An evil overlord must always endeavor to just leave a cow anywhere. Imagine the talk at the water cooler…
olivermihoff – Perhaps its a police steak out to prevent bike theft…
Chrisattsu – I herd that too..
Donkenoji – This is ledge-end-dairy.
Methadose – At first I thought your pun was childish but then I realized it was bovine.
eviljolly – Please, don’t udder another word.
Uncoolio – He’s going to milk it as long as he can.
verybadsheep – He’d butter not!
Crisender111 – Moo aside. Let me go first.
fortyfour44 – Somebody’s got a real beef with that bike rack.
DifficultyWithPuns – Holy Cow!
rrs118 – That’s not a cow it’s a calf. A bovine is not considered a cow unless it is a female and able to reproduce.
An evil overlord should always employ a confused cow.
A confused cow is not only a confused cow, but also a cow capable of instantiating confusion. If you’re a hero invading my secret lair and you experience a chance encounter with a cow at a urinal in the washroom, well that sort of thing is bound to throw you off your game…
A confused cow is an investment that will buy you time.
Did you only have 13 seconds left to diffuse my giant space laser? A chance encounter with a cow in the most unexpected of places can buy an evil overlord all the extra time they need to blow stuff up.

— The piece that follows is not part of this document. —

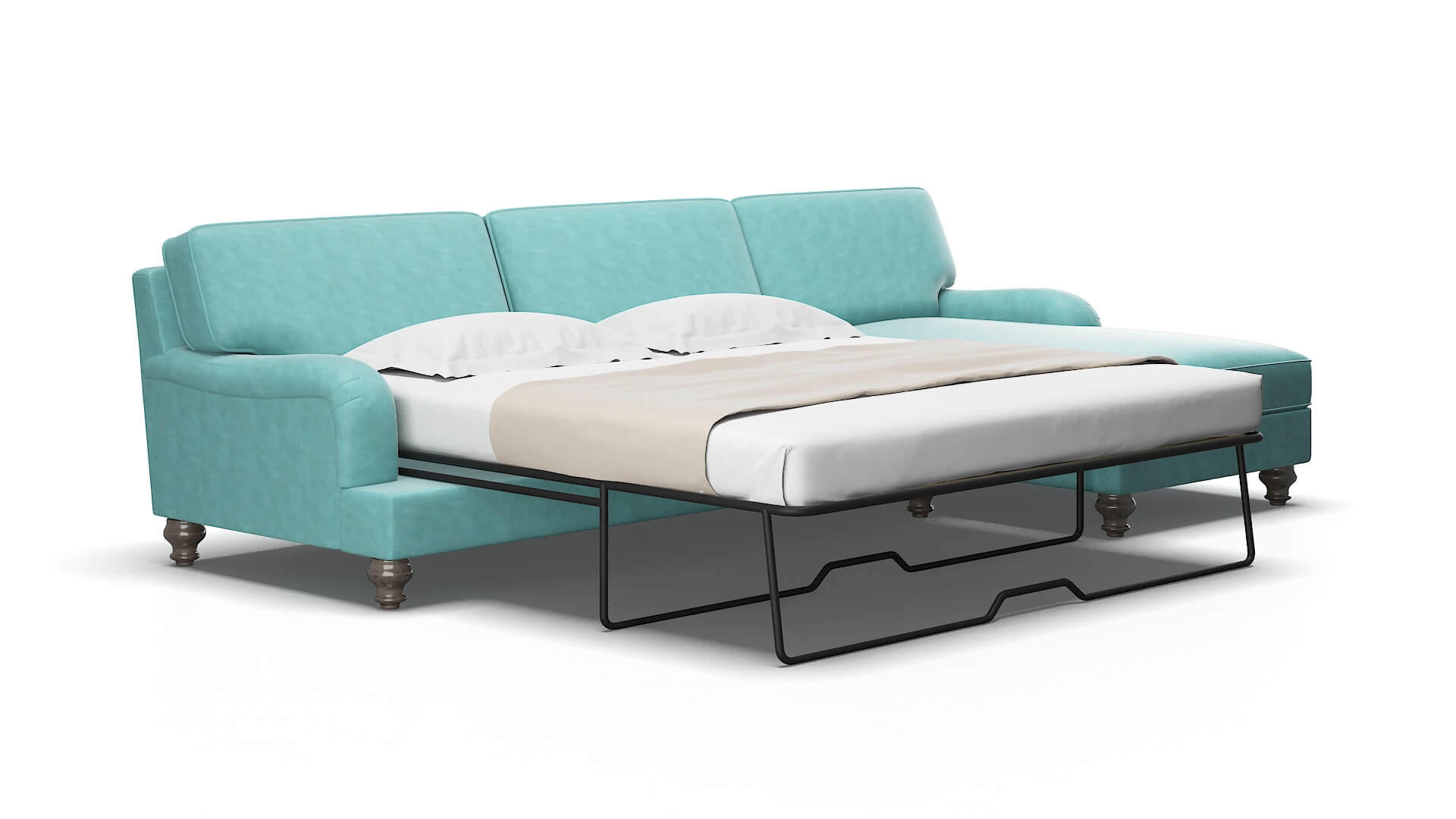 Hamilton Dream_d French_blue Panel Sleeper Espresso legs 2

The hero always hits the abort button with 3 seconds or less left on the countdown… If you’re serious about being an evil overlord, you’ll buy a cow. A cow can make all the difference. Even Batman would pause to look at a cow.
Is it a trap, or is it just a cow? This is no place for cattle…?! Why is there a cow in this ventilation duct?! How did this cow climb that tree?! ZAAAaaaaaaPPP giant space laser you lose Mr. Bond kthx.
Where should an evil overlord put a cow?
Put a cow anywhere.
In an elevator, in a hat.
You can even put a cow on a doormat.
You can put a cow here, you can put a cow there.
You can put a cow anywhere.
Evil overlords know a cow is key to building a successful empire.